1. Wash their hands or any exposed area of skin immediately or as soon as feasible;
2. Wash their hands after removing gloves or other personal protective equipment; and
3. Flush mucous membranes with water immediately or as soon as feasible after contact with blood or OPIM.

Employees should wash hands and any other skin with non-abrasive soap and water. Antiseptic towelettes should be made available and used until an employee has an opportunity to wash their hands with soap and water.

I. If clothing or equipment is thought to be contaminated, it must be placed in a separate container for storage, washing, decontamination, or disposal. Care should be taken not to spread the contamination to other areas.

J. All procedures involving the handling of blood or potentially infectious agents must be performed in a manner that will minimize splashing, spraying, or misting.

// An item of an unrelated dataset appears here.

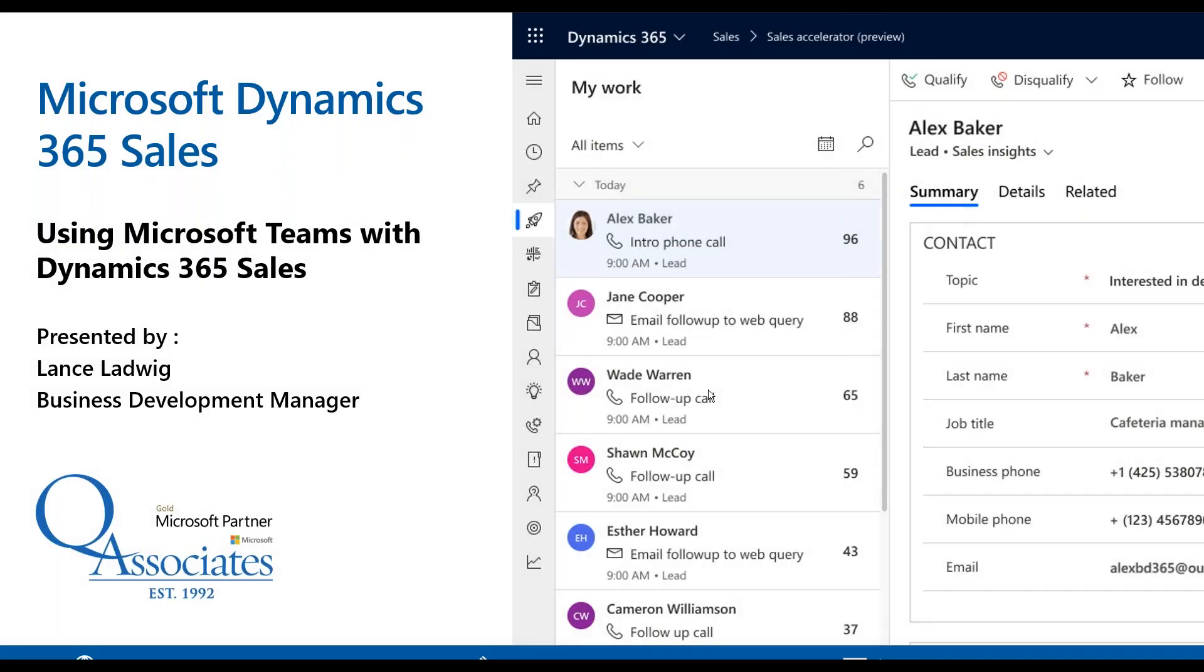So I want to thank everybody for joining. Just a quick tip if you will. And if you have any questions, feel free to reach out to us at info at qasoc.com. You can also call us at 212-269-1313. And once again my name is Lance Ladwig. Feel free to reach out to us if you have any questions, if you would like to learn more about Dynamics 365 for sales or the integration around Teams. Have a great day and thank you for joining us today.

K. Warning labels shall be affixed to containers of waste contaminated with blood or OPIM, or containers or bags used to store, transport, or ship blood or OPIM. Labels shall contain the universally accepted “BIOHAZARD” symbol.

L. Surfaces and equipment contaminated of blood or OPIM should be decontaminated as soon as feasible with a solution of 1 part bleach to 10 parts water or any EPA-approved disinfectant. At a minimum, employees shall wear non-permeable gloves and a face shield when performing decontamination procedures.

M. To avoid contact, sharps (syringes, needles, broken glass, or razor blades) shall be collected using tweezers, tongs, pliers, broom and dustpan, or shovel, and placed into a ridged, puncture-resistant, container which is labeled “BIOHAZARD”.